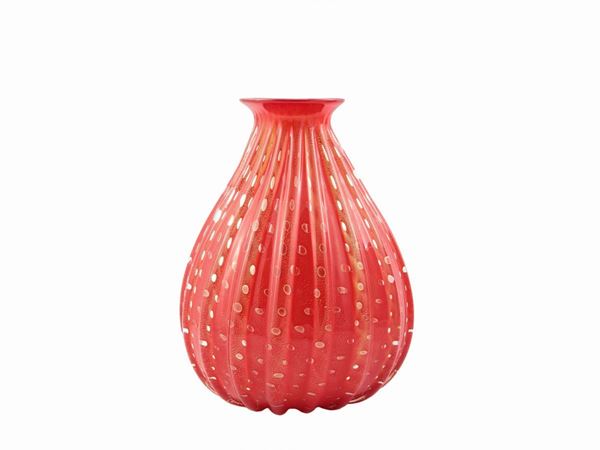 Vaso costolato in vetro incamiciato arancio vivo  (Murano, seconda metà del XX secolo)  - Asta Arredi e Dipinti dal Castello di Gamberaia a Firenze - Maison Bibelot - Casa d'Aste Firenze - Milano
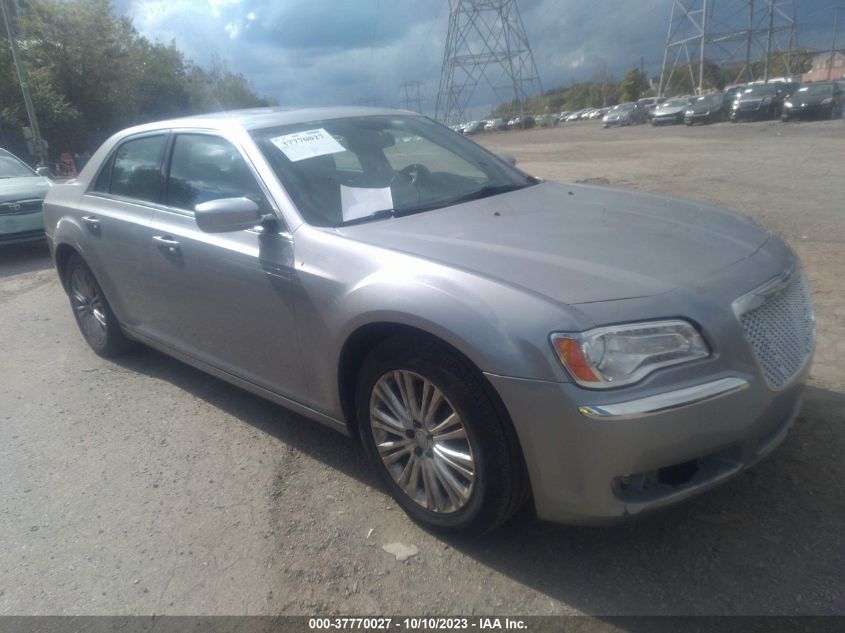 2013 CHRYSLER 300 - 2C3CCARG0DH708426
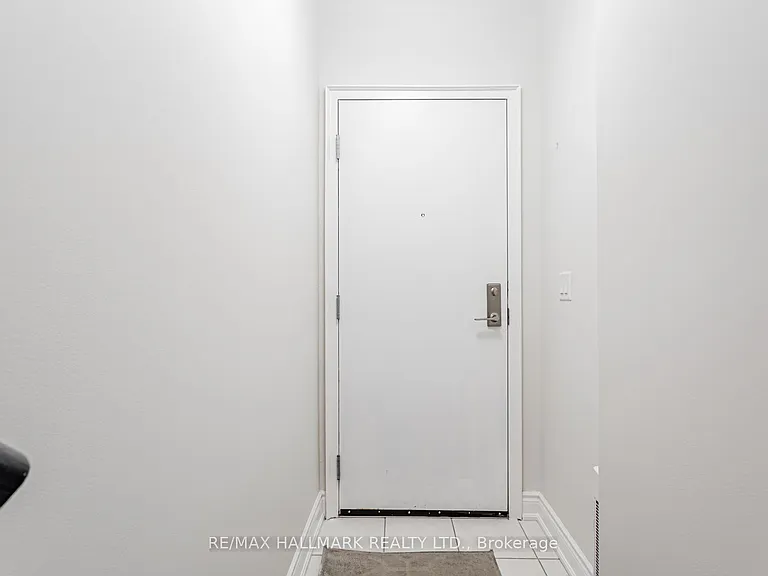 380 Hopewell Ave #224 — Photo 3
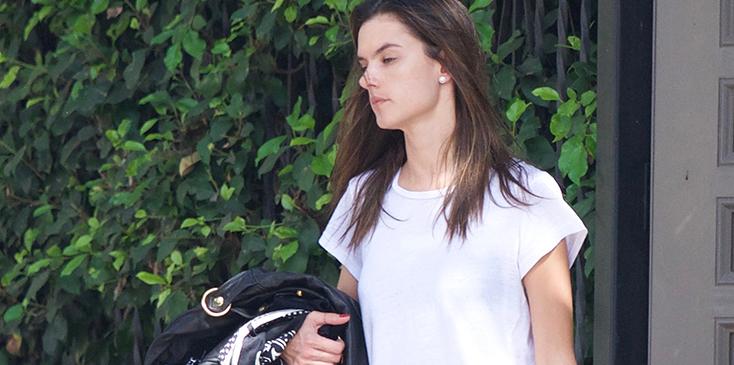 Alessandra Ambrosio Uses This Case To Turn Her Phone Into a Wallet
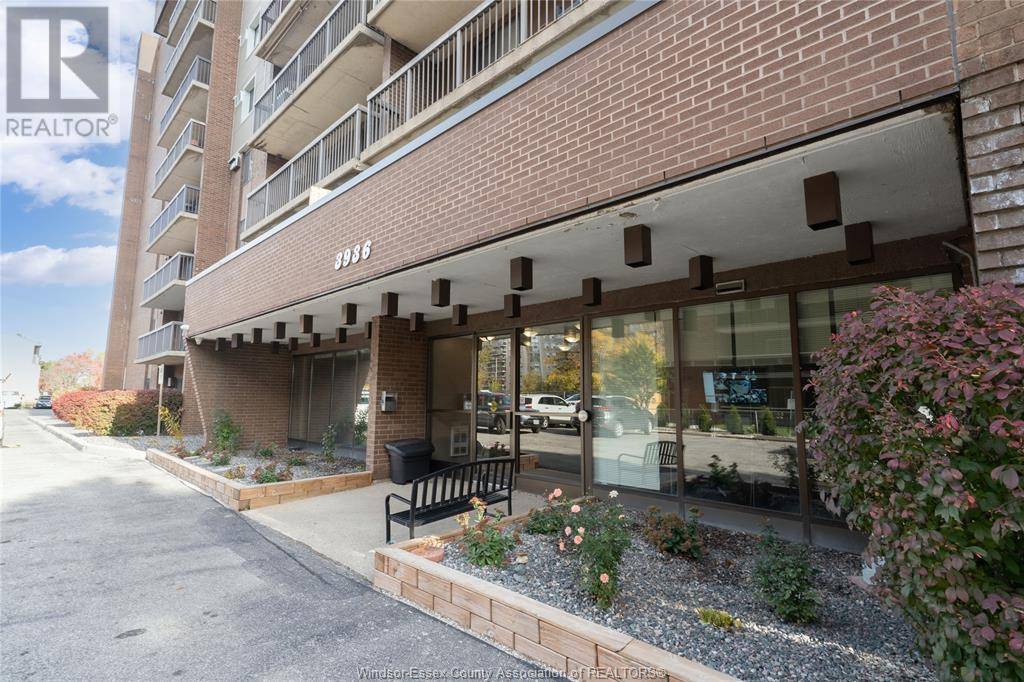 Windsor, ON N8T4V1,3936 WYANDOTTE ST East #911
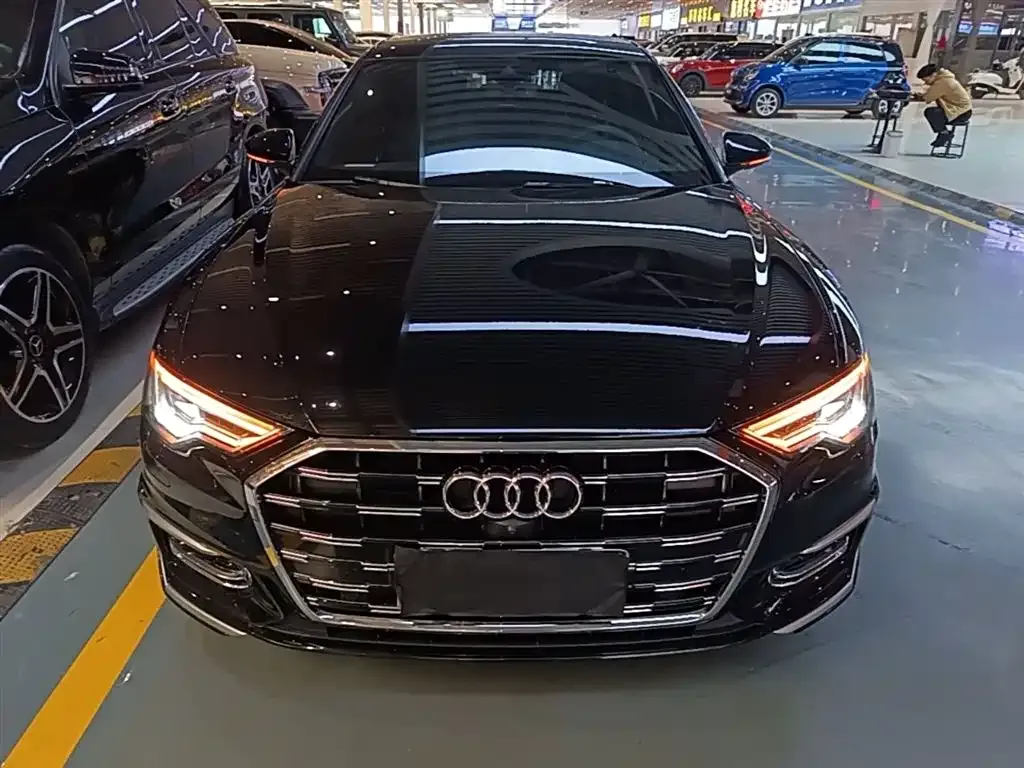 Audi A6L — фото 2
* * * *
Word for word, restate the whole listing and drop the images.

→ COMPLETED TASK:
 Vaso costolato in vetro incamiciato arancio vivo  (Murano, seconda metà del XX secolo)  - Asta Arredi e Dipinti dal Castello di Gamberaia a Firenze - Maison Bibelot - Casa d'Aste Firenze - Milano
 2013 CHRYSLER 300 - 2C3CCARG0DH708426
 380 Hopewell Ave #224 — Photo 3
 Alessandra Ambrosio Uses This Case To Turn Her Phone Into a Wallet
 Windsor, ON N8T4V1,3936 WYANDOTTE ST East #911
 Audi A6L — фото 2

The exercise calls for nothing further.